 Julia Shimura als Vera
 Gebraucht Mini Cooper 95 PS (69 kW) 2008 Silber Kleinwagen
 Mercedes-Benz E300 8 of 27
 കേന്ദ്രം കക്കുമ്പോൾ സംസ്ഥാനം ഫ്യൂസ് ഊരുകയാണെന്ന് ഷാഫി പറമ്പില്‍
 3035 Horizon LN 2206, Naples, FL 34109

---

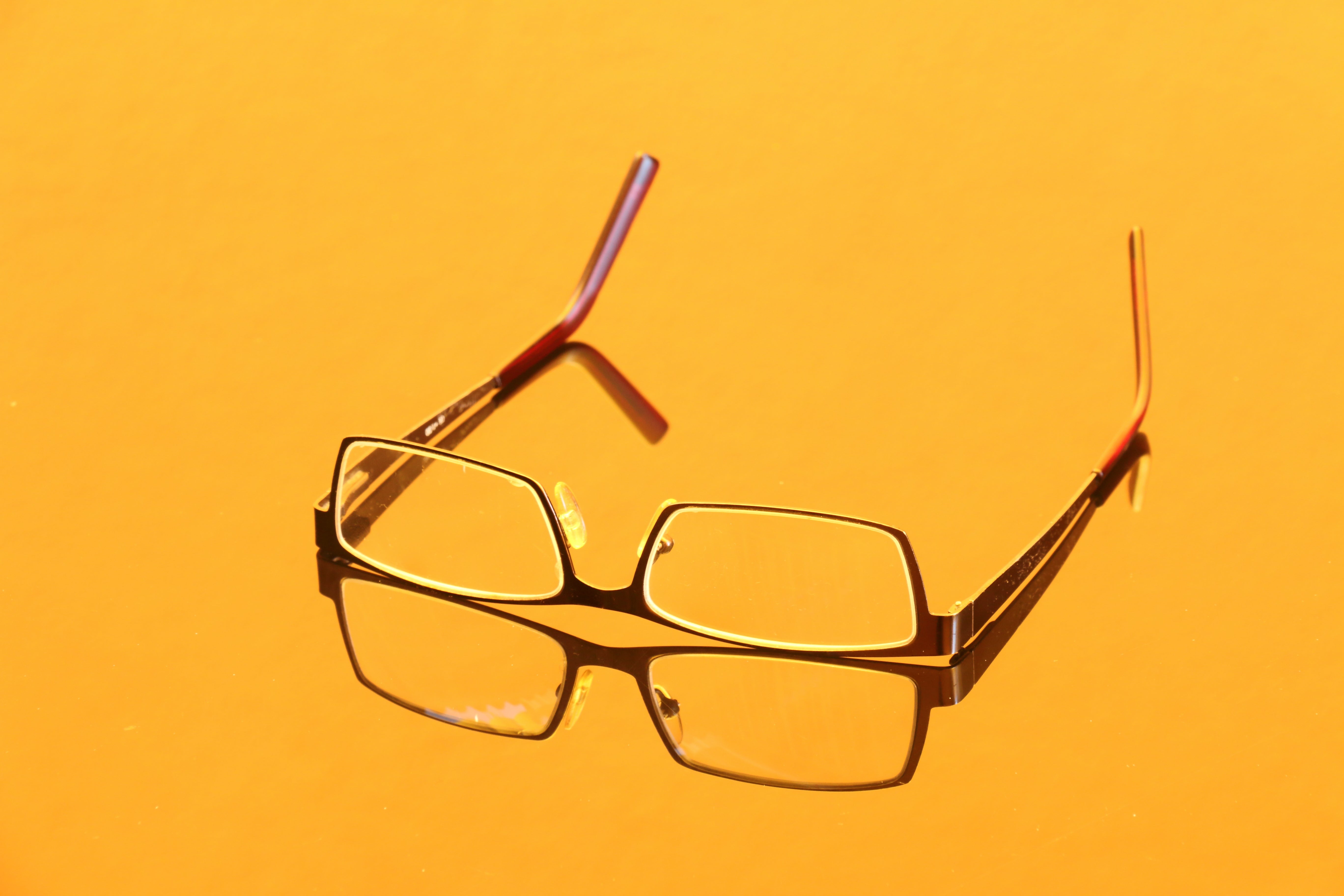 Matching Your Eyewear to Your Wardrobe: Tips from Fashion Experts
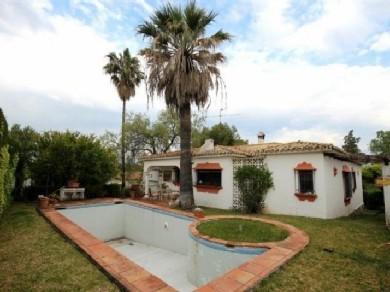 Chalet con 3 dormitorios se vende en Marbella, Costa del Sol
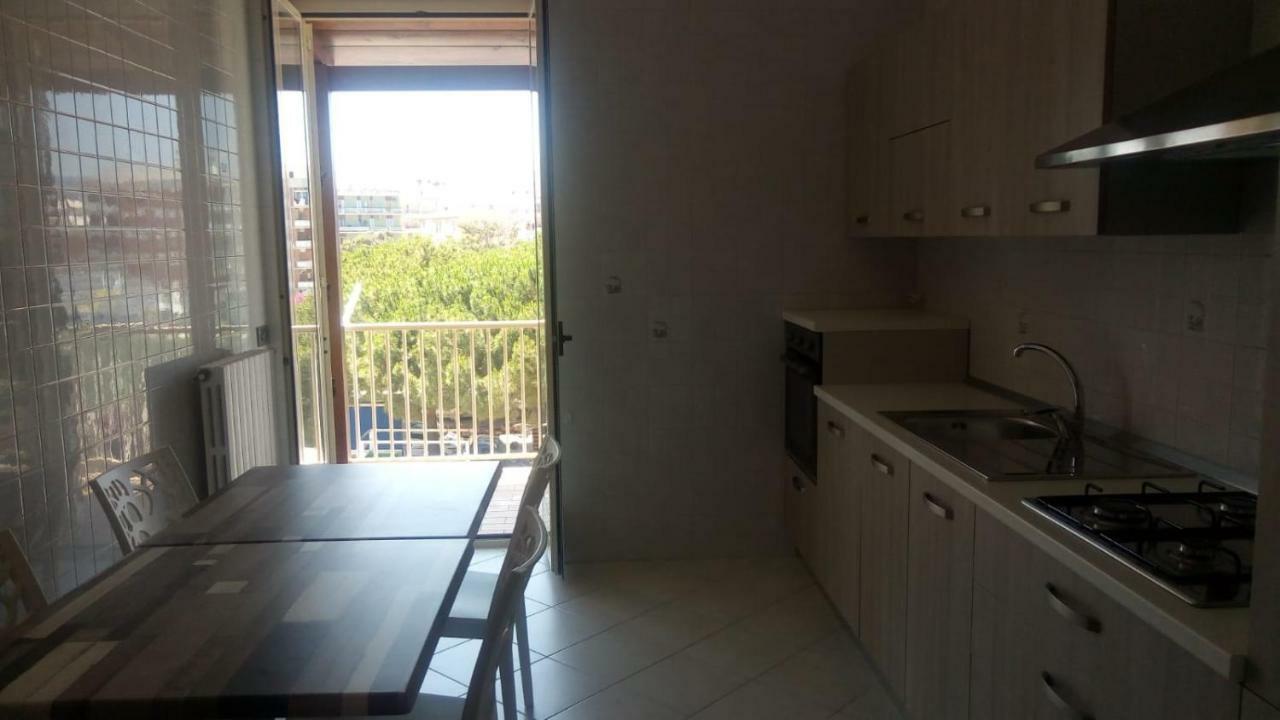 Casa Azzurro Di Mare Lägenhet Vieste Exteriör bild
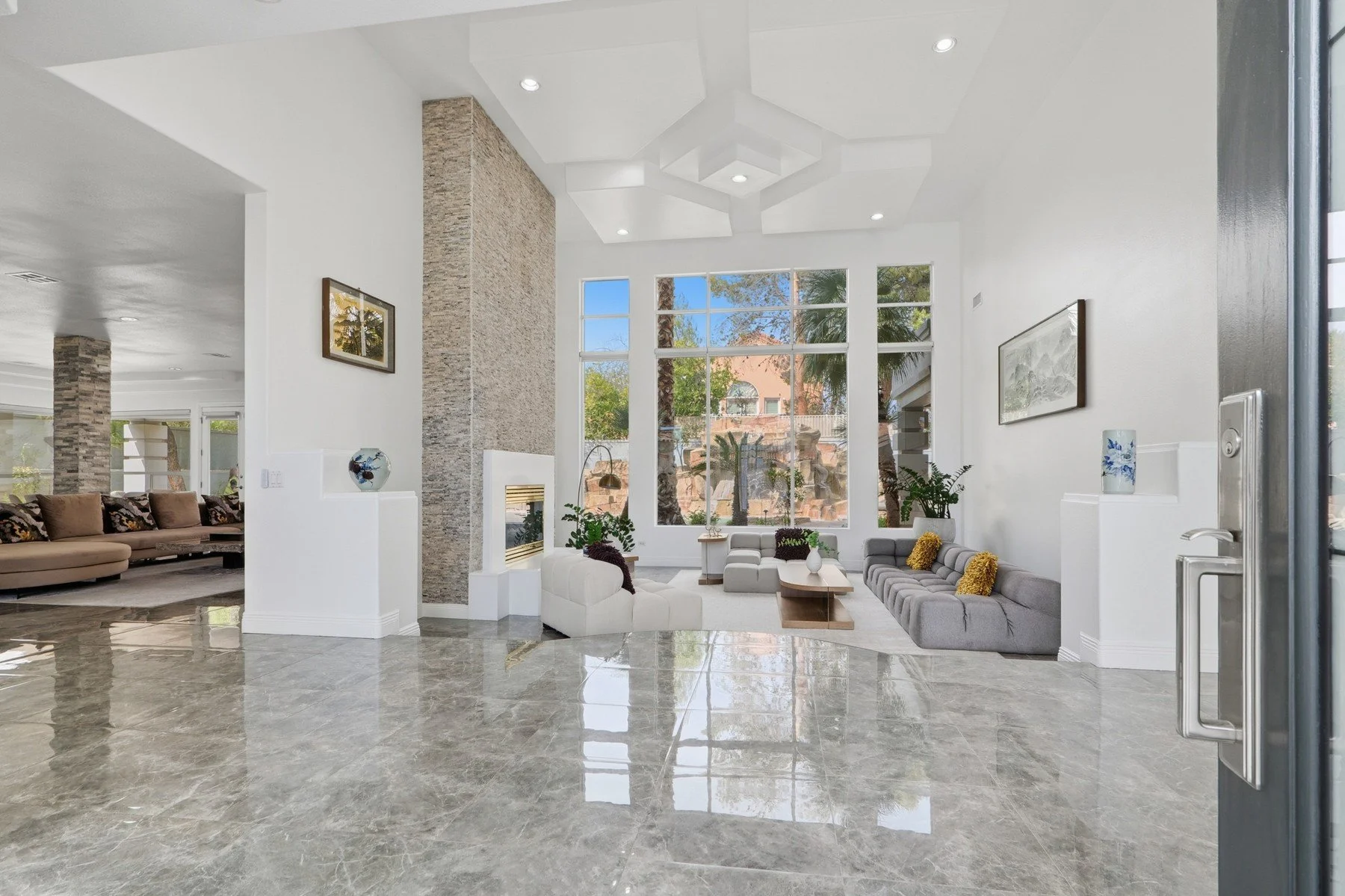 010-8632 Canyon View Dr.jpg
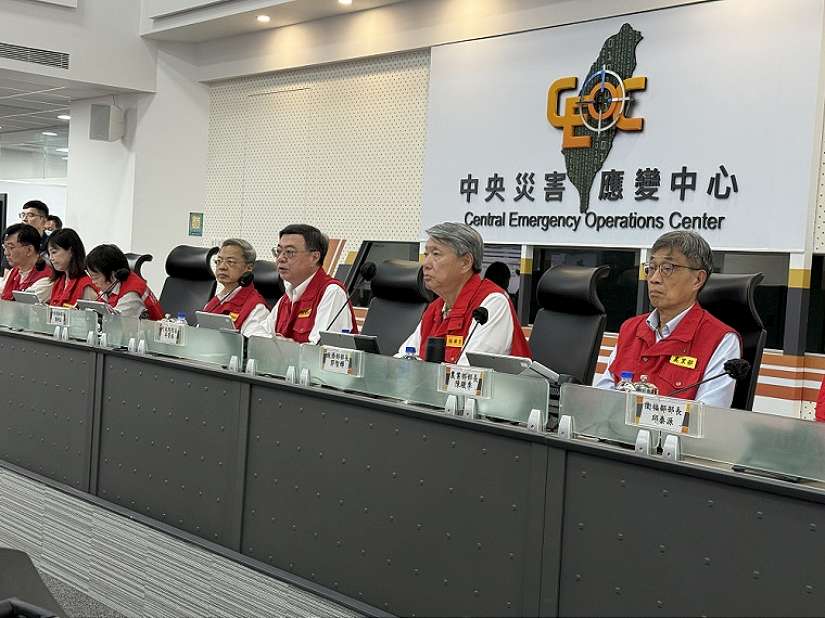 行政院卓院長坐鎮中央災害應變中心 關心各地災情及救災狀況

...

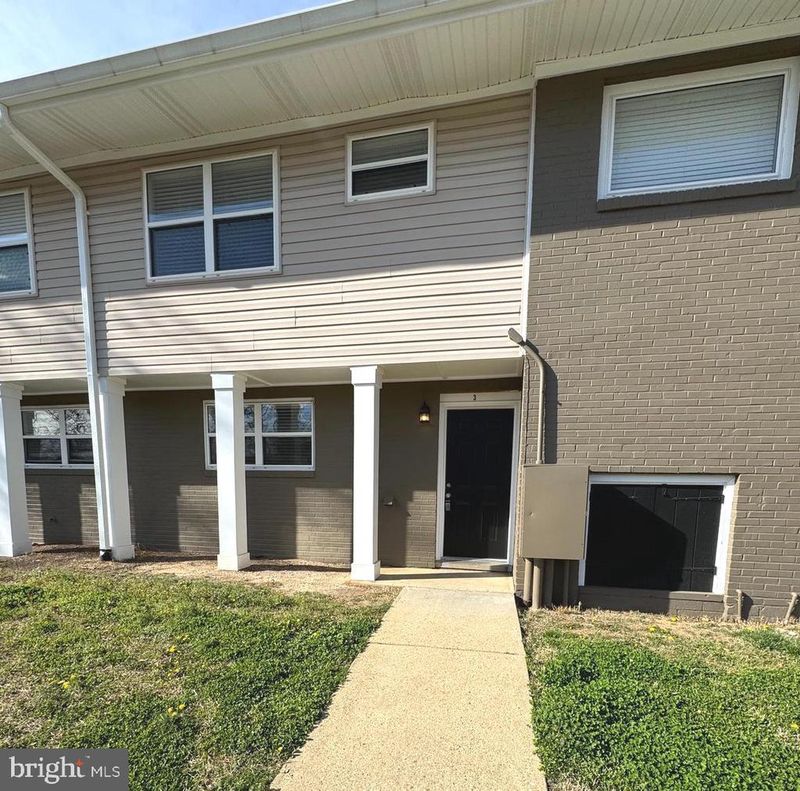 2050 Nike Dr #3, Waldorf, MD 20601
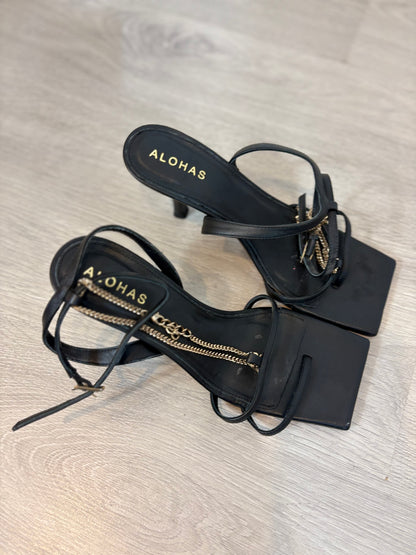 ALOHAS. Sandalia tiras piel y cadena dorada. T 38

» Task to carry out
Only one stretch of the listing is wanted: the lines starting at the one with "Matching Your Eyewear" and ending at the one with "行政院卓院長坐鎮中央災害應變中心 關心各地災情及救災狀況", copied exactly and free of pictures.

» Output for this task
 Matching Your Eyewear to Your Wardrobe: Tips from Fashion Experts
 Chalet con 3 dormitorios se vende en Marbella, Costa del Sol
 Casa Azzurro Di Mare Lägenhet Vieste Exteriör bild
 010-8632 Canyon View Dr.jpg
 行政院卓院長坐鎮中央災害應變中心 關心各地災情及救災狀況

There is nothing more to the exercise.